Hitzeschutz am Arbeitsplatz: Was bei 26, 30 und 35 °C gilt

Hitze am Arbeitsplatz kann Konzentration, Leistungsfähigkeit und Gesundheit beeinträchtigen. Besonders belastet sind Beschäftigte, die körperlich arbeiten, Schutzkleidung tragen, im Freien tätig sind oder Menschen versorgen, die selbst stark durch Hitze gefährdet sind.

Für Arbeitsräume nennt die Technische Regel für Arbeitsstätten ASR A3.5 wichtige Schwellenwerte bei 26, 30 und 35 °C. Diese Temperaturen lösen jedoch kein automatisches „Hitzefrei“ aus.

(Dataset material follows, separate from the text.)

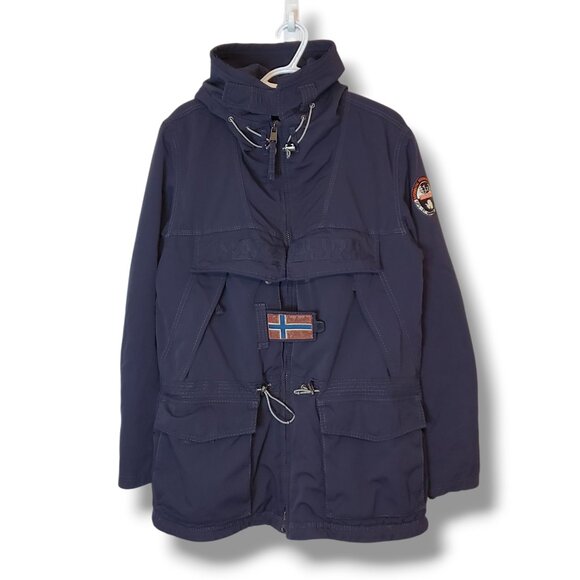 Napapijri Antarctic Expidition Research Skidoo Coat Blue Size L - Picture 1 of 8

Sie bestimmen vielmehr, wann Arbeitgeber Schutzmaßnahmen prüfen oder verbindlich umsetzen müssen.

Gerade Krankenhäuser, Pflegeeinrichtungen, Arztpraxen und Rettungsdienste benötigen frühzeitig vorbereitete Hitzeschutzpläne, weil Beschäftigten- und Patientenschutz gleichzeitig gewährleistet werden müssen.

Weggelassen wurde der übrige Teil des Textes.